_Problem description_.
Exactly and only the lines from the line holding "Funny Dancing Mom" to the end of the records should be reproduced. Leave pictures out.

===== Information =====

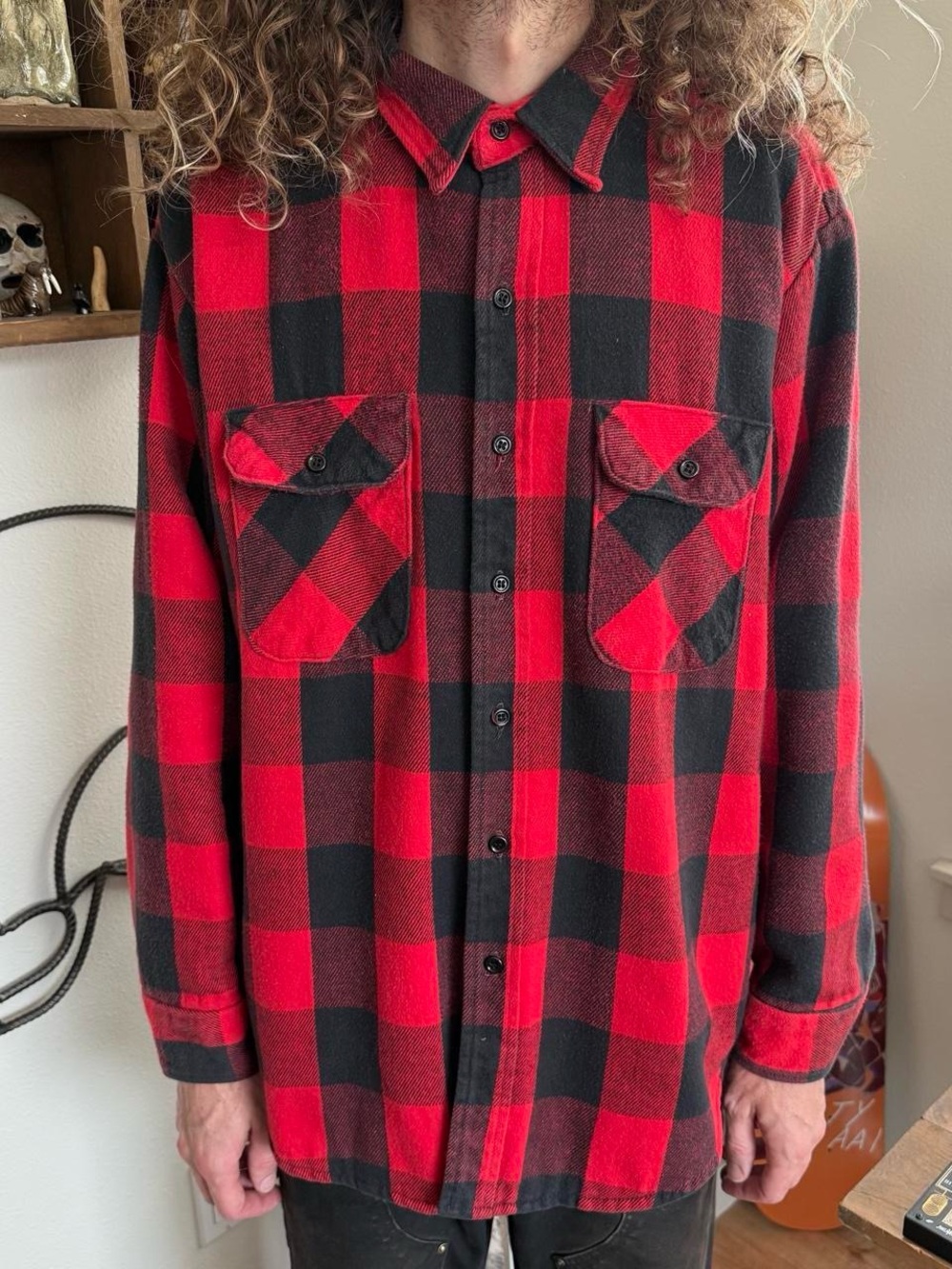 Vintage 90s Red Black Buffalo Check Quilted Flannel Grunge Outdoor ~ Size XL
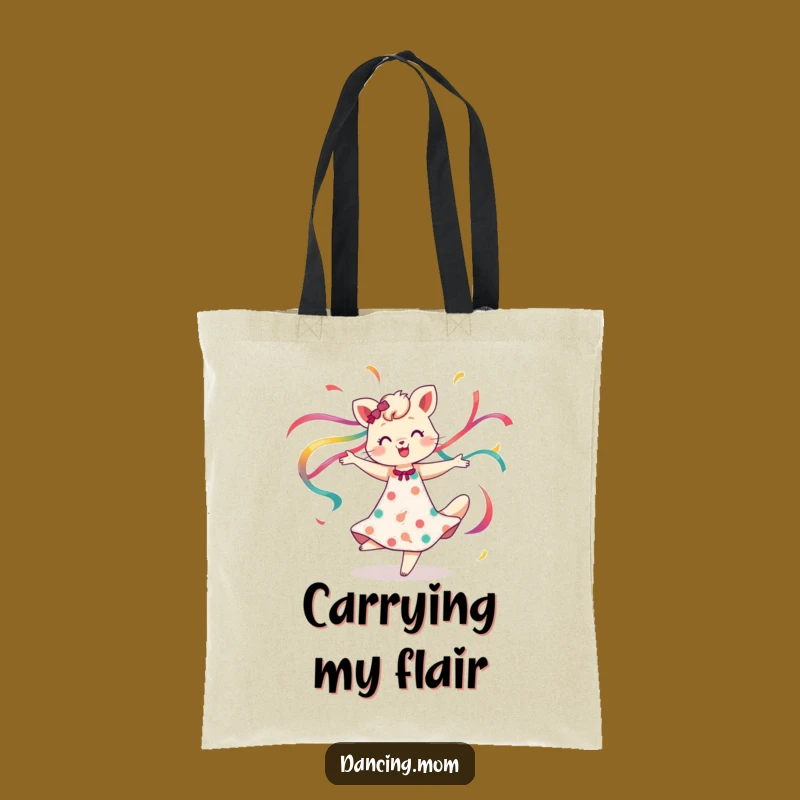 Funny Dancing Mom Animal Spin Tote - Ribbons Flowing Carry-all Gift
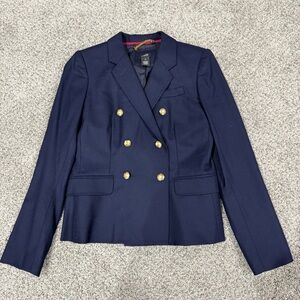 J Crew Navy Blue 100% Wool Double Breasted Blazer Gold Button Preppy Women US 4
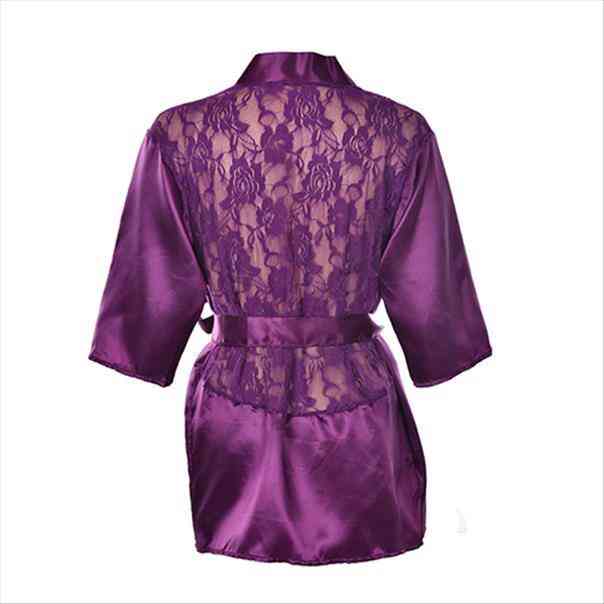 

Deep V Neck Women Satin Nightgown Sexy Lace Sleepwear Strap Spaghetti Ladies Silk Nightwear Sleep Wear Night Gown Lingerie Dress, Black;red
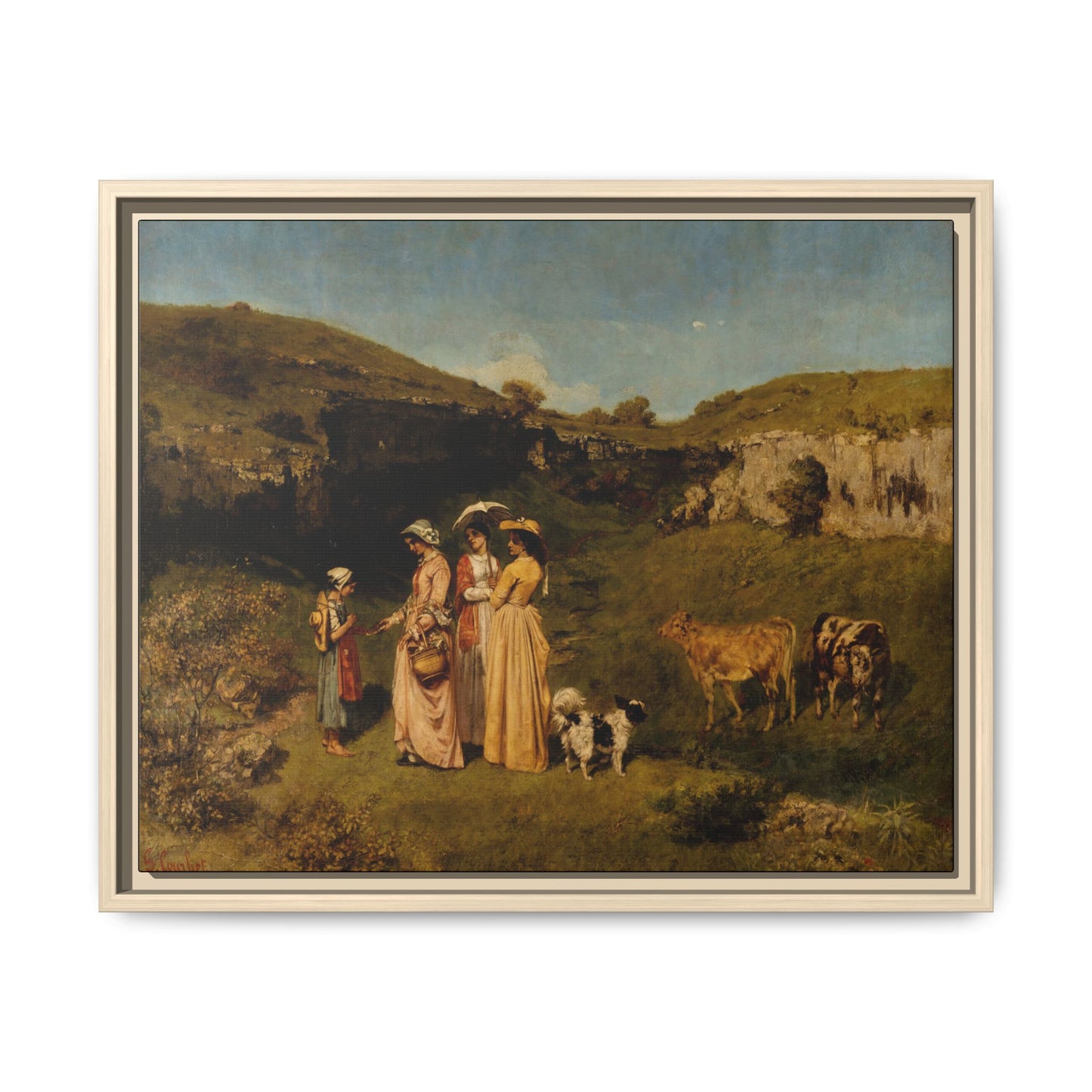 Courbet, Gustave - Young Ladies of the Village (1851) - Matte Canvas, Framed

=====

_Written answer_.
 Funny Dancing Mom Animal Spin Tote - Ribbons Flowing Carry-all Gift
 J Crew Navy Blue 100% Wool Double Breasted Blazer Gold Button Preppy Women US 4

Deep V Neck Women Satin Nightgown Sexy Lace Sleepwear Strap Spaghetti Ladies Silk Nightwear Sleep Wear Night Gown Lingerie Dress, Black;red
 Courbet, Gustave - Young Ladies of the Village (1851) - Matte Canvas, Framed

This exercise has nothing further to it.